In the entries below, find the line with "Here I'll show" and the line with "But now, how". Repeat exactly everything between them, those two lines included, but not the pictures.

_ _ _

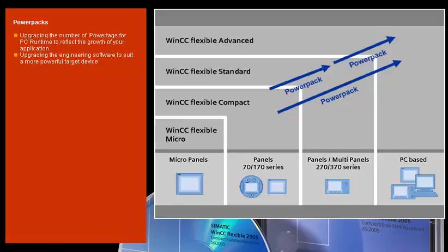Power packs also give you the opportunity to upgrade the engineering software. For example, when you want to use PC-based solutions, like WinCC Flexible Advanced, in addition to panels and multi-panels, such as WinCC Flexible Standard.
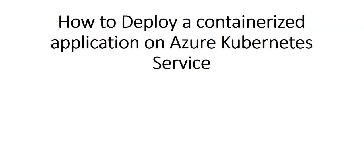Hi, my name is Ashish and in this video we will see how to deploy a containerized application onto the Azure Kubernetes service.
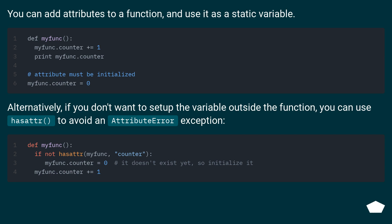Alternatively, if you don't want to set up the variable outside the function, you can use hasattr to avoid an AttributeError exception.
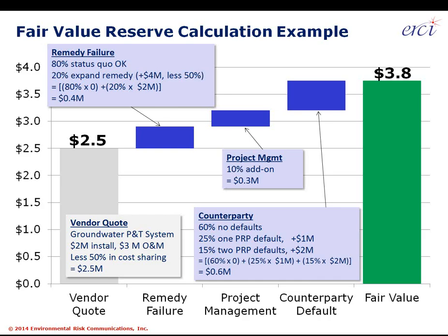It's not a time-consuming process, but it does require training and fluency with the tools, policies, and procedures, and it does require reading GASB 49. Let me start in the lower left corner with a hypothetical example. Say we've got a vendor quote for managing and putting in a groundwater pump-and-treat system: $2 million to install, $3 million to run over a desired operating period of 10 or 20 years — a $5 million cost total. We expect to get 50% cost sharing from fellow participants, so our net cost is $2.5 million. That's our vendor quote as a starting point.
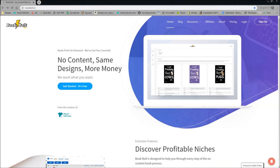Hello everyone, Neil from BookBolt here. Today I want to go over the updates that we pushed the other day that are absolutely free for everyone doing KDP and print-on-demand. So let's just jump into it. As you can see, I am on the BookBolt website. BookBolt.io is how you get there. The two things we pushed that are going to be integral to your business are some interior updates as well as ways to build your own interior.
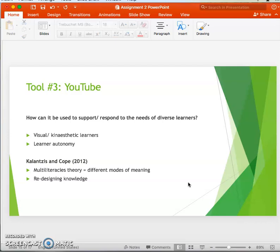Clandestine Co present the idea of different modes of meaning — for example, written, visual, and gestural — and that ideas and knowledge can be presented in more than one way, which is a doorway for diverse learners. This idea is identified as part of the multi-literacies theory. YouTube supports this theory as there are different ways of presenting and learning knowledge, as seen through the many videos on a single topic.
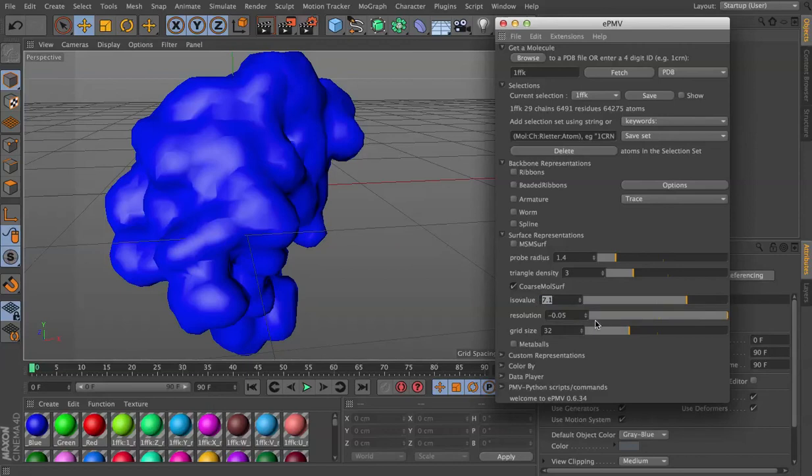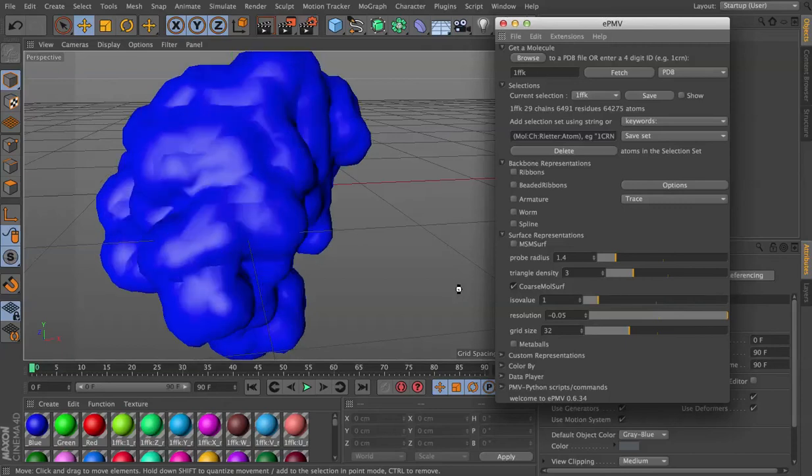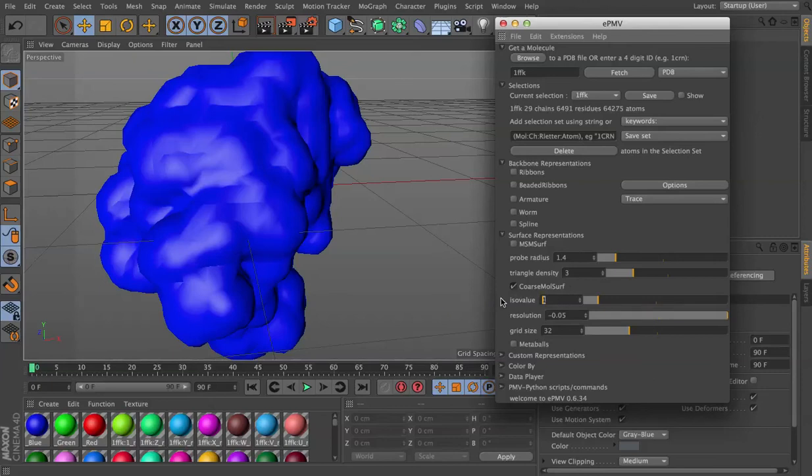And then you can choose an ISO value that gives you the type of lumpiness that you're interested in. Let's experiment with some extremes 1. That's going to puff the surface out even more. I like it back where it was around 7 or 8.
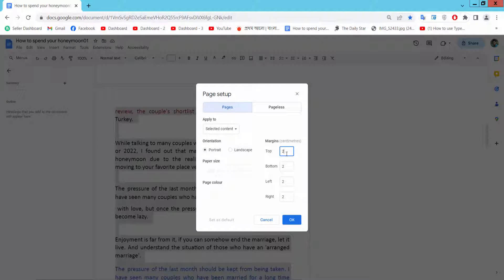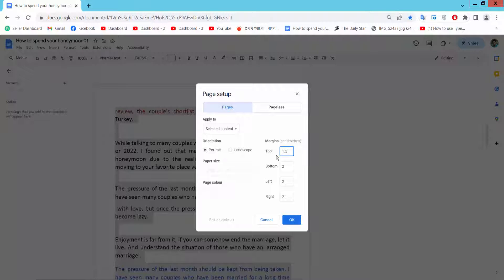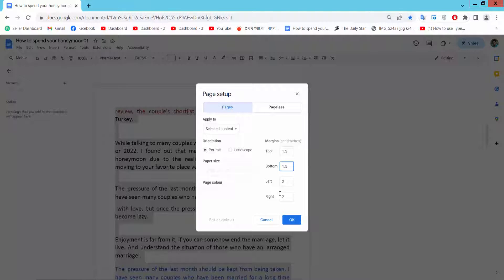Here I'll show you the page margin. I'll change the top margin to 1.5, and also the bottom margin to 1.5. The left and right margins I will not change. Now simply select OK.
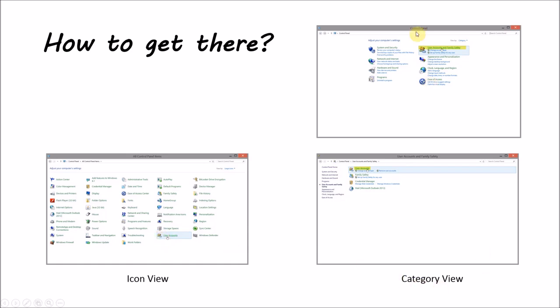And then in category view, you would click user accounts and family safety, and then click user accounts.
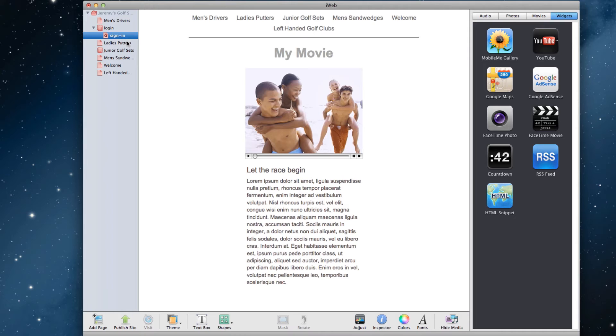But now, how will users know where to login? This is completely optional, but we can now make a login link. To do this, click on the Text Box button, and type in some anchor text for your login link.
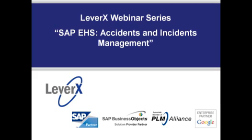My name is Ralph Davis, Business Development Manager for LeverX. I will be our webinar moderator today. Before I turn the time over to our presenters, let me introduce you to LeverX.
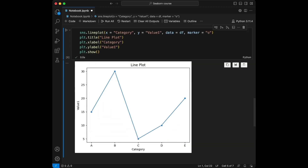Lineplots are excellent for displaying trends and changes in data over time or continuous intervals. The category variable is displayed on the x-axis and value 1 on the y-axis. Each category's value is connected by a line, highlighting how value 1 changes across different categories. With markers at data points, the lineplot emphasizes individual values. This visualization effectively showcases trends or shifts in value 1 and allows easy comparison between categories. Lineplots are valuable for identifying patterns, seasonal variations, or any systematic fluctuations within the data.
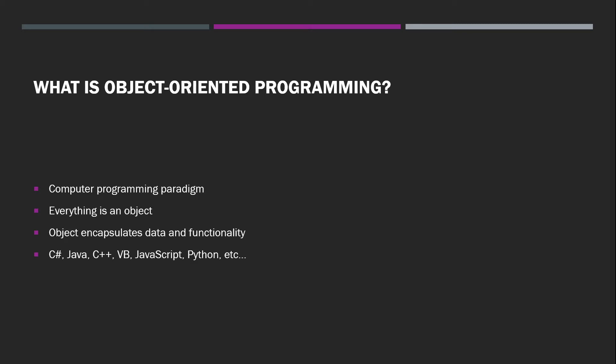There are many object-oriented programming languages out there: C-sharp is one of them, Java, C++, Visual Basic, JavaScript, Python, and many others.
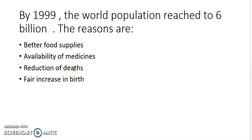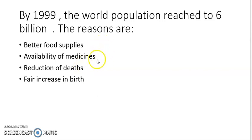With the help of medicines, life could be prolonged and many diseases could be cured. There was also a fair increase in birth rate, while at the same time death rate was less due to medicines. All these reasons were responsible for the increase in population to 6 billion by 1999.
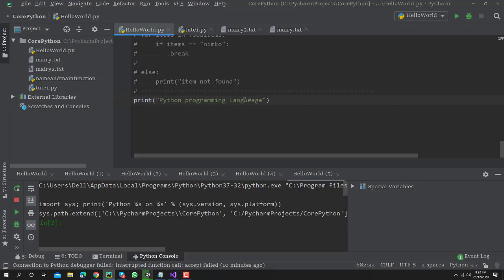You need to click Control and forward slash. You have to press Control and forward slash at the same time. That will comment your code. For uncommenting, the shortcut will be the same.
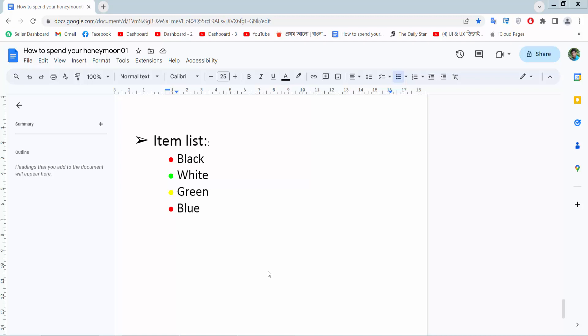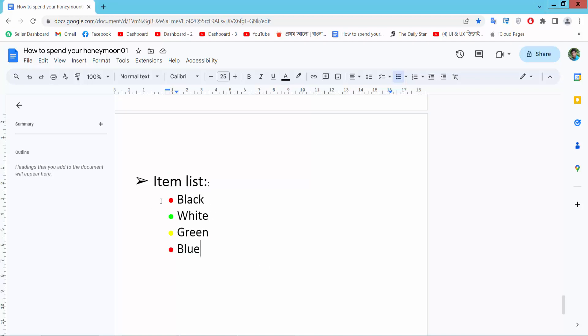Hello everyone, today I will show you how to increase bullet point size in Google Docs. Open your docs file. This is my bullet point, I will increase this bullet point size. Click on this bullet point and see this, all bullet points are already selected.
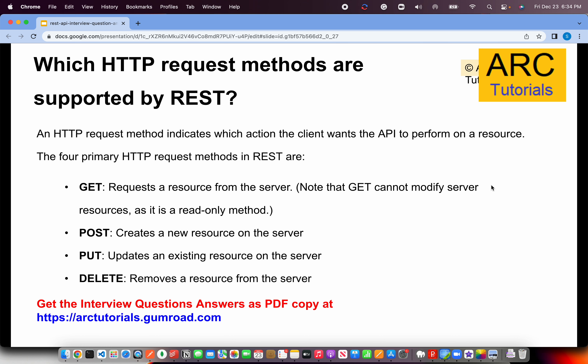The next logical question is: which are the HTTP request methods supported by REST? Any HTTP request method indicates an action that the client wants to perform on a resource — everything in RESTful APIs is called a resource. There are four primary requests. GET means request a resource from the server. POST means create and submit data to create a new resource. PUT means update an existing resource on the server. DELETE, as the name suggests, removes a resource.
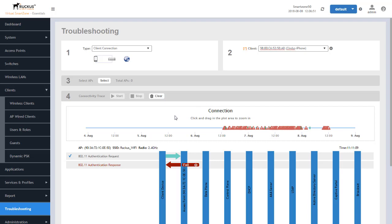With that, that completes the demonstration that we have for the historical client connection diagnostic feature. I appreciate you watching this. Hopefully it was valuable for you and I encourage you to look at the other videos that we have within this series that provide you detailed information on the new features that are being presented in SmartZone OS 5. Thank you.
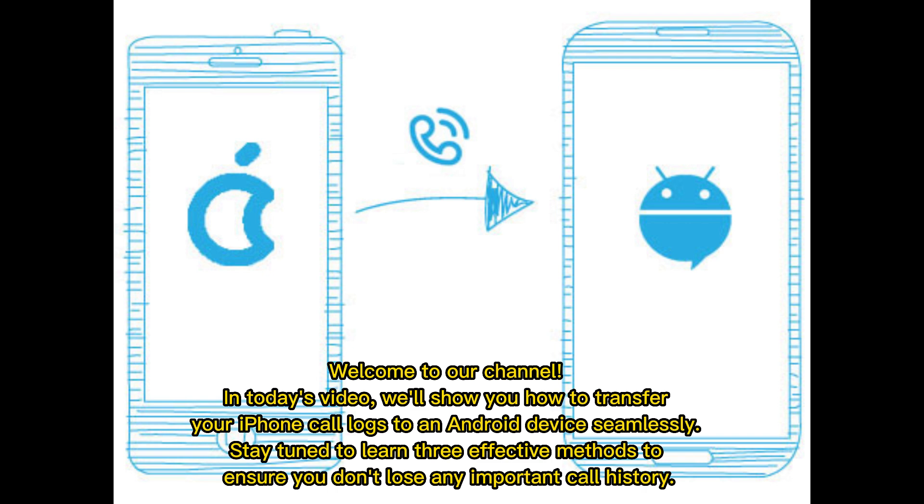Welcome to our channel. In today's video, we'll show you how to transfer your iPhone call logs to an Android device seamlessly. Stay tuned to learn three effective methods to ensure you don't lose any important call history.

_ _ _

▸ **Problem solution**:
Here I'll show you the page margin. I'll change the top margin to 1.5, and also the bottom margin to 1.5. The left and right margins I will not change. Now simply select OK.
And then in category view, you would click user accounts and family safety, and then click user accounts.
But now, how will users know where to login? This is completely optional, but we can now make a login link. To do this, click on the Text Box button, and type in some anchor text for your login link.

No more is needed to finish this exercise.